** SUPPLIED INFORMATION follows **
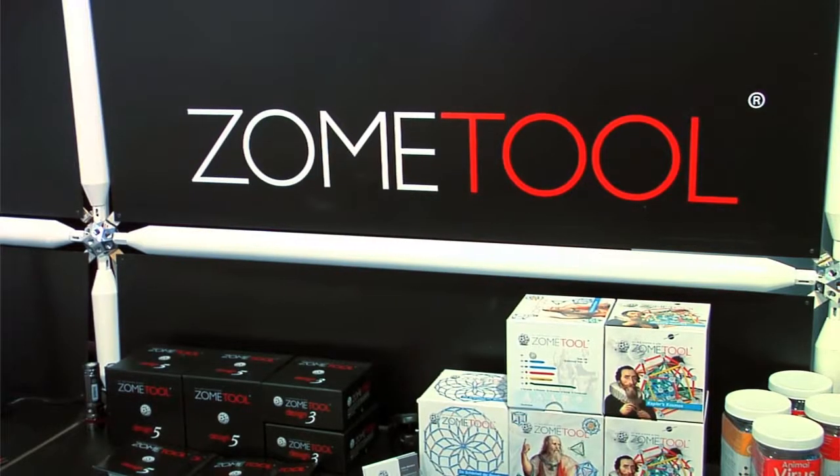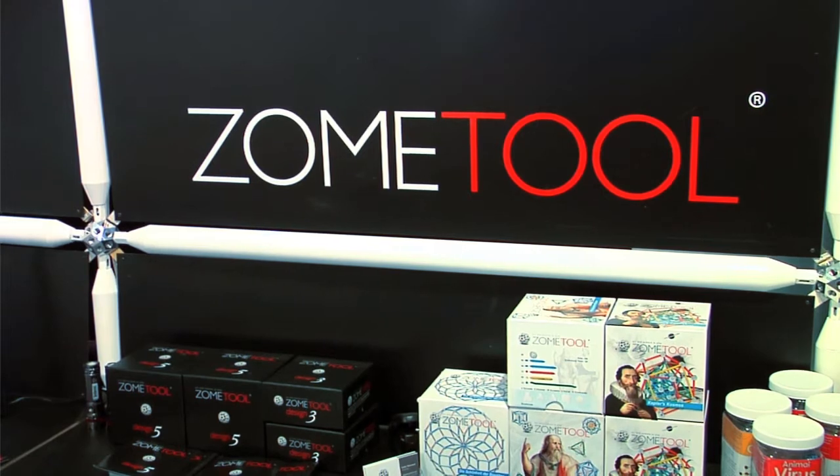My name is Carlos Newman. I'm the chairman of ZoneTool Inc. ZoneTool is a great building toy for kids and adults. It's based on mathematical principles, but you don't have to know math to enjoy it.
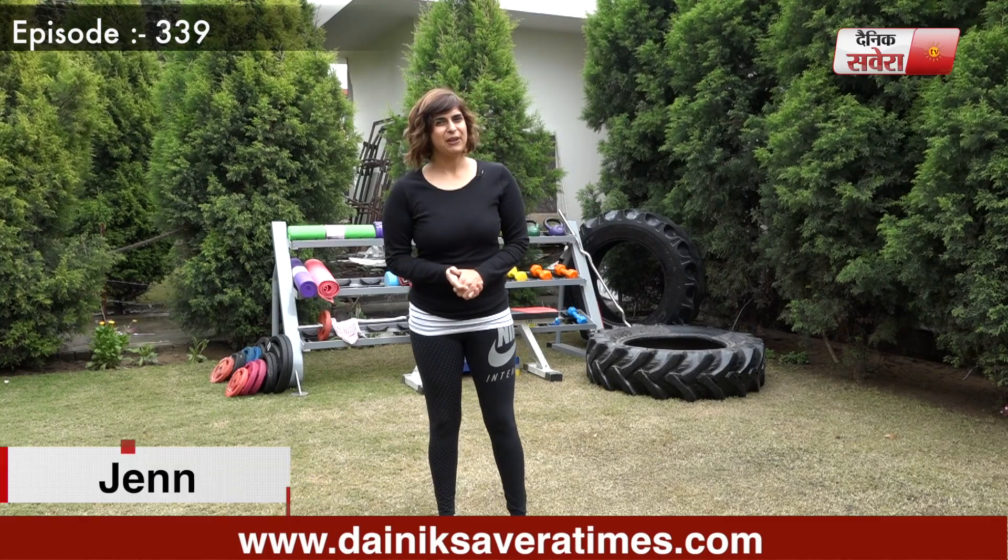Hi guys, I am Jennifer and you are watching Savera Workouts. In today's session, we will do Legs and Abs.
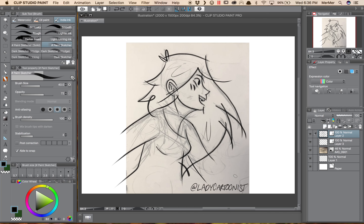Hi everyone! This is Meredith SK, or Lady Cartoonist over on Instagram, and in this video I'm going to be giving you another quick tip on using Clip Studio Paint. I'm going to be talking about the vector erase tools, which really blew my mind when I saw them and was one of the main reasons I decided to start checking out Clip Studio Paint.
** End of SUPPLIED INFORMATION **
**WHAT TO WORK ON:**
Without including any pictures, copy every line above exactly.

**SOLUTION:**
My name is Carlos Newman. I'm the chairman of ZoneTool Inc. ZoneTool is a great building toy for kids and adults. It's based on mathematical principles, but you don't have to know math to enjoy it.
Hi guys, I am Jennifer and you are watching Savera Workouts. In today's session, we will do Legs and Abs.
Hi everyone! This is Meredith SK, or Lady Cartoonist over on Instagram, and in this video I'm going to be giving you another quick tip on using Clip Studio Paint. I'm going to be talking about the vector erase tools, which really blew my mind when I saw them and was one of the main reasons I decided to start checking out Clip Studio Paint.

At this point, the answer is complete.